Helianthus nuttallii subsp. nuttallii

Scientific classification
- Kingdom: Plantae
- Clade: Tracheophytes
- Clade: Angiosperms
- Clade: Eudicots
- Clade: Asterids
- Order: Asterales
- Family: Asteraceae
- Genus: Helianthus
- Species: H. nuttallii Torr. & A.Gray
- Subspecies: H. n. subsp. nuttallii
- Trinomial name: Helianthus nuttallii subsp. nuttallii

= Helianthus nuttallii subsp. nuttallii =

Subspecies of sunflower

Helianthus nuttallii subsp. nuttallii, also known by the common name Nuttall's sunflower is a subspecies of Helianthus nuttallii in the genus Helianthus in the family Asteraceae. It is considered by The Plant List to be a synonym for H. nuttallii. However, The Jepson Manual argues that it is distinct from the species.

==Description==
- Stems: Range from glabrous (smooth) to scabrous (rough).
- Leaves: Upper leaf surfaces are scabrous, while the undersides of the leaves are covered in short, rough hairs.
- Inflorescences: Flowers from June–October.
  - Peduncle: Glabrous.
  - Involucral bracts: Smooth or covered with short, stiff, adpressed hairs.

==Habitat and distribution==
Found in moist meadows, streams, and springs from 1200-1750m elevation.
Occurs in California in the San Gabriel Mountains, San Bernardino Mountains, Great Basin province, western Mojave Desert, and parts of New Mexico.
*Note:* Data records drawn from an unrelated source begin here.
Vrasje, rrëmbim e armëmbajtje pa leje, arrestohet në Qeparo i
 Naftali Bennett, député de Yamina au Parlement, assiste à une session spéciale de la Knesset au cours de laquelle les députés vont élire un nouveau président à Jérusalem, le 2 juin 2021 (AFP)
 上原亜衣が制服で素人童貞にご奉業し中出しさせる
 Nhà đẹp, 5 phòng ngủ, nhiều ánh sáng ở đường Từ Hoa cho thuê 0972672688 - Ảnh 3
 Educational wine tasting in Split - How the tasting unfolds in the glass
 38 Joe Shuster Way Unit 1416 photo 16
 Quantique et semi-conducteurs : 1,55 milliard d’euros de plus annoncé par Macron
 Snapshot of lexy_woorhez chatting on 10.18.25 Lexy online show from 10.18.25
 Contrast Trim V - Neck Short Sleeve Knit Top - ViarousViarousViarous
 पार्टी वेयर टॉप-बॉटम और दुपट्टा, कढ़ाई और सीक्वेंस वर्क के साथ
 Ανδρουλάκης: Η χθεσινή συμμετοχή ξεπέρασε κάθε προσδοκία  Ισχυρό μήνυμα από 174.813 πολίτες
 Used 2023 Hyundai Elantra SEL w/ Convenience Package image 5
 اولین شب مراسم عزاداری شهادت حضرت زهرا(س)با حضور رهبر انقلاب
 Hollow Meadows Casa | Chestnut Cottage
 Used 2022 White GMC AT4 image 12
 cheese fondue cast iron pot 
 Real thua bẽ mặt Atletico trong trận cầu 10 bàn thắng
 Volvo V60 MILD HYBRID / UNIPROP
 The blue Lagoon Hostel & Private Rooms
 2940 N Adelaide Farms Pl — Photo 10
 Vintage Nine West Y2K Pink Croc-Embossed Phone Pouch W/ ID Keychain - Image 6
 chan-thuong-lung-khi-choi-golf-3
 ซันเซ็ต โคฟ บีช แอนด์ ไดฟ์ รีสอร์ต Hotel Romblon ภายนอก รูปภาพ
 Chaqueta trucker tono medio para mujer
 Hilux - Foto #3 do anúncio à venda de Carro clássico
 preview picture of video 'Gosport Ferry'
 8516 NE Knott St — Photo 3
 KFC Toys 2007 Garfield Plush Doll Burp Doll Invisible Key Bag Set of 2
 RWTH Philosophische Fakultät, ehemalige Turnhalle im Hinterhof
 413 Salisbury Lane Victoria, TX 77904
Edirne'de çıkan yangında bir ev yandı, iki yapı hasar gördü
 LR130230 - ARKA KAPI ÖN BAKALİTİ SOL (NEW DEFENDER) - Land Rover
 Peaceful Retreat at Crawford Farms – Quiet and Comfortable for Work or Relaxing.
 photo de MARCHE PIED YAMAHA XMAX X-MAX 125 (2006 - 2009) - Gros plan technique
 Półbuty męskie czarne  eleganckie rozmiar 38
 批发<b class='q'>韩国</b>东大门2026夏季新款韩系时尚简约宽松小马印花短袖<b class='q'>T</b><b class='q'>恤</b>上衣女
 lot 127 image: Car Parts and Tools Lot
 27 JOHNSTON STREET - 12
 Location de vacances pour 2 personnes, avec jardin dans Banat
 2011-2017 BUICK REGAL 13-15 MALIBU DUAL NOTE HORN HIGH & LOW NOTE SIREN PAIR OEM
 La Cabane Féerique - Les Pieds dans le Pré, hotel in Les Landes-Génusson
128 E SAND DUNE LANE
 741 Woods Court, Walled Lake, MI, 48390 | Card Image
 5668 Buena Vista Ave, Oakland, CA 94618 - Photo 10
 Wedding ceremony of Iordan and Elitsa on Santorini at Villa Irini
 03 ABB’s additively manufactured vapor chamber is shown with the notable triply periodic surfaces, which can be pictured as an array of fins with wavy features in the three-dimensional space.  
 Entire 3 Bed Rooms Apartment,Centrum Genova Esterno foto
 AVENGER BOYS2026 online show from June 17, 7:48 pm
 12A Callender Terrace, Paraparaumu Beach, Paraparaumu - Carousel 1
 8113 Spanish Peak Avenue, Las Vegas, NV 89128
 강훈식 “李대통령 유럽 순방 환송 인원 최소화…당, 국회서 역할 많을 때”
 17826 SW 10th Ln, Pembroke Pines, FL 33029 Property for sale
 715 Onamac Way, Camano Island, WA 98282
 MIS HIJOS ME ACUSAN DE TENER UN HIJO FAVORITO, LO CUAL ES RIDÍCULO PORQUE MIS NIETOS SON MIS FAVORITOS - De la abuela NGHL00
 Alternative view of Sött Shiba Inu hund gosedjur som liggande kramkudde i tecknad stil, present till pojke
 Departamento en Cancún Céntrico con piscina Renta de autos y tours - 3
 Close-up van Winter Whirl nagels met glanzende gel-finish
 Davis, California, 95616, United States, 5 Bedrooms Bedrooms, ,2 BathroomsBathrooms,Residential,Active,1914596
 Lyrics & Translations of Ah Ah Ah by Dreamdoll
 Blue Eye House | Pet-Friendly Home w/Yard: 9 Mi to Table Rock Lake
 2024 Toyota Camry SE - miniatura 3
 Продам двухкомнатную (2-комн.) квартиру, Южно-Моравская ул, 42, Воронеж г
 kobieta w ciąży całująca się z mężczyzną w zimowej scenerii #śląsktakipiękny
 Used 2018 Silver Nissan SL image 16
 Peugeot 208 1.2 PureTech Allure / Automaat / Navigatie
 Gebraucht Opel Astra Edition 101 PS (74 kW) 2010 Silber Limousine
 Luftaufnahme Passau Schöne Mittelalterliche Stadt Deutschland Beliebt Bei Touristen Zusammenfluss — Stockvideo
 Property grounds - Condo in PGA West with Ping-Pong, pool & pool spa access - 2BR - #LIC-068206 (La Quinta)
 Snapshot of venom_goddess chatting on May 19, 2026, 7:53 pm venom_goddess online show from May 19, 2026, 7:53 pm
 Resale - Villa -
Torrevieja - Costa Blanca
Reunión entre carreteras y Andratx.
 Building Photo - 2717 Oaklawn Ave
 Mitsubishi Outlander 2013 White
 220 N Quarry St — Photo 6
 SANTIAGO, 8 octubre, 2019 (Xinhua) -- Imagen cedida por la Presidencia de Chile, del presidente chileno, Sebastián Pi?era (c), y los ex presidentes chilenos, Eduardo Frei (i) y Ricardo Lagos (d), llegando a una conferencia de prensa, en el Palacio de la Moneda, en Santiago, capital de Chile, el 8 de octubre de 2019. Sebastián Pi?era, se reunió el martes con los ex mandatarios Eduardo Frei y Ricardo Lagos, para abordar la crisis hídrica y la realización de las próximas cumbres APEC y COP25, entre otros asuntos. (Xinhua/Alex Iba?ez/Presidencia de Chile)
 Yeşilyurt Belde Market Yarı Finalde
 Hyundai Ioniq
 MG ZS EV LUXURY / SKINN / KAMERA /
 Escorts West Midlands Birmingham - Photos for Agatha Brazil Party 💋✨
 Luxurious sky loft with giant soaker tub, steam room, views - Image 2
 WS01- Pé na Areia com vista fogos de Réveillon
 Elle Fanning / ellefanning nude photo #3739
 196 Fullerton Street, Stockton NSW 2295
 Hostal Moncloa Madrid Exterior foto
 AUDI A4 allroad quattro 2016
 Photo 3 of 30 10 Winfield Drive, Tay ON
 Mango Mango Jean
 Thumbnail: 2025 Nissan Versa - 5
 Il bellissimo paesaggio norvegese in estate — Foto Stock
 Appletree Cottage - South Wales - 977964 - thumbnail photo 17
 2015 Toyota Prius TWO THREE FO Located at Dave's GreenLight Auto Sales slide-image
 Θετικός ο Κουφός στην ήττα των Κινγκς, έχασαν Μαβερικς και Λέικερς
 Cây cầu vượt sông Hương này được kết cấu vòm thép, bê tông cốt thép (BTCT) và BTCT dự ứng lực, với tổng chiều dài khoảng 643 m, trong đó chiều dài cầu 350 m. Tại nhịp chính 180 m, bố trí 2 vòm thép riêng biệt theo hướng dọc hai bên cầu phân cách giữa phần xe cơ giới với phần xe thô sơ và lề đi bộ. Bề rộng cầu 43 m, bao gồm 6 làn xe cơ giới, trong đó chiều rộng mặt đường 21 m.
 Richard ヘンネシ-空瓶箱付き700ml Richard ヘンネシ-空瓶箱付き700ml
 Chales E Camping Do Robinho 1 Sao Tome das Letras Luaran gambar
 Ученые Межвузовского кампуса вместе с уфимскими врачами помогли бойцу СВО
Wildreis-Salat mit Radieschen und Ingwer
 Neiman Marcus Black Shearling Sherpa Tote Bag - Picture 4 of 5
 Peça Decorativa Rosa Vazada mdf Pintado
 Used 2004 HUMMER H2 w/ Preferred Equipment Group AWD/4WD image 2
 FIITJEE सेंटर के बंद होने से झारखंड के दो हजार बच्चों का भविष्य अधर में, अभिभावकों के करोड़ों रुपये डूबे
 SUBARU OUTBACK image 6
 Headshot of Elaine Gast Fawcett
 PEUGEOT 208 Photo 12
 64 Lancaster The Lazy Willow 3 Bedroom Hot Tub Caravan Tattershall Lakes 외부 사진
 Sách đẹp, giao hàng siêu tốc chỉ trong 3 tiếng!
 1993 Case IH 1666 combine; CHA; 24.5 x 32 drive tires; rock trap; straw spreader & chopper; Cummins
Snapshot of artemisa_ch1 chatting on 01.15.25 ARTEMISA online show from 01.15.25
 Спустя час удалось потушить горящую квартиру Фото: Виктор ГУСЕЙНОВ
Populations exist as far north as British Columbia, stretching into eastern Canada.

==Etymology==
Helianthus is derived from Greek, meaning 'sun-flower' ('heli' meaning 'sun', and 'anthus', as in 'anther', meaning 'flower'). As the large, yellow-gold heads of many species tend to follow the sun, the Italian-derived 'girare-sole', literally meaning 'turning sun', is also a cognate with 'Jerusalem', as in Jerusalem Artichoke.

Nuttallii is named for Thomas Nuttall (1786-1859), a grower of American plants at Rainhill in Lancashire, though he lived in Long Preston in Yorkshire.